- To do -
The listing that follows must be given again in full and exactly.

- Task material -
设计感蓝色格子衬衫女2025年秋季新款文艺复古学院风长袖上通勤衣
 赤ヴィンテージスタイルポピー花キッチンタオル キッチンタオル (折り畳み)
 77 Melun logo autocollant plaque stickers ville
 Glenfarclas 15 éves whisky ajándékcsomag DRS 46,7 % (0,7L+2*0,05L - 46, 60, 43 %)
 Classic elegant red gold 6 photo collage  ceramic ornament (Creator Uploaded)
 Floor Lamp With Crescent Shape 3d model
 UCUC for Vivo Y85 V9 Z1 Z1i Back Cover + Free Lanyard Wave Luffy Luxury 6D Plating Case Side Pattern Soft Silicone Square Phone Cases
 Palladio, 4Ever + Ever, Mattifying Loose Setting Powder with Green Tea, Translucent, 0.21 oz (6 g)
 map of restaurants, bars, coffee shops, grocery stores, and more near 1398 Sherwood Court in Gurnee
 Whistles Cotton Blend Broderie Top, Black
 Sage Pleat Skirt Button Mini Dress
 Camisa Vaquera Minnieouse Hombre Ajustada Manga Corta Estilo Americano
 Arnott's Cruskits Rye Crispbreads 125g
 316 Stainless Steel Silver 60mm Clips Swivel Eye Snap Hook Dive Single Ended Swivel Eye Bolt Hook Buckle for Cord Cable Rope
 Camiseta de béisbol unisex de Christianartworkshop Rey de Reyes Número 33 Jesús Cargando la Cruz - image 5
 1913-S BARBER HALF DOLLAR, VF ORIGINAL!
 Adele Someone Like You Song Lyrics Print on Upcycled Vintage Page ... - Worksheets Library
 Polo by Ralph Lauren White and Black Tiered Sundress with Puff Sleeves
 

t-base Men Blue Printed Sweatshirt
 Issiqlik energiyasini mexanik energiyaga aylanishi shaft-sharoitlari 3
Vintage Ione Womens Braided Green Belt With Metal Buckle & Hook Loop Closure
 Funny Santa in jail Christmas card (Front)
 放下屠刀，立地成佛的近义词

- Written reply -
设计感蓝色格子衬衫女2025年秋季新款文艺复古学院风长袖上通勤衣
 赤ヴィンテージスタイルポピー花キッチンタオル キッチンタオル (折り畳み)
 77 Melun logo autocollant plaque stickers ville
 Glenfarclas 15 éves whisky ajándékcsomag DRS 46,7 % (0,7L+2*0,05L - 46, 60, 43 %)
 Classic elegant red gold 6 photo collage  ceramic ornament (Creator Uploaded)
 Floor Lamp With Crescent Shape 3d model
 UCUC for Vivo Y85 V9 Z1 Z1i Back Cover + Free Lanyard Wave Luffy Luxury 6D Plating Case Side Pattern Soft Silicone Square Phone Cases
 Palladio, 4Ever + Ever, Mattifying Loose Setting Powder with Green Tea, Translucent, 0.21 oz (6 g)
 map of restaurants, bars, coffee shops, grocery stores, and more near 1398 Sherwood Court in Gurnee
 Whistles Cotton Blend Broderie Top, Black
 Sage Pleat Skirt Button Mini Dress
 Camisa Vaquera Minnieouse Hombre Ajustada Manga Corta Estilo Americano
 Arnott's Cruskits Rye Crispbreads 125g
 316 Stainless Steel Silver 60mm Clips Swivel Eye Snap Hook Dive Single Ended Swivel Eye Bolt Hook Buckle for Cord Cable Rope
 Camiseta de béisbol unisex de Christianartworkshop Rey de Reyes Número 33 Jesús Cargando la Cruz - image 5
 1913-S BARBER HALF DOLLAR, VF ORIGINAL!
 Adele Someone Like You Song Lyrics Print on Upcycled Vintage Page ... - Worksheets Library
 Polo by Ralph Lauren White and Black Tiered Sundress with Puff Sleeves
 

t-base Men Blue Printed Sweatshirt
 Issiqlik energiyasini mexanik energiyaga aylanishi shaft-sharoitlari 3
Vintage Ione Womens Braided Green Belt With Metal Buckle & Hook Loop Closure
 Funny Santa in jail Christmas card (Front)
 放下屠刀，立地成佛的近义词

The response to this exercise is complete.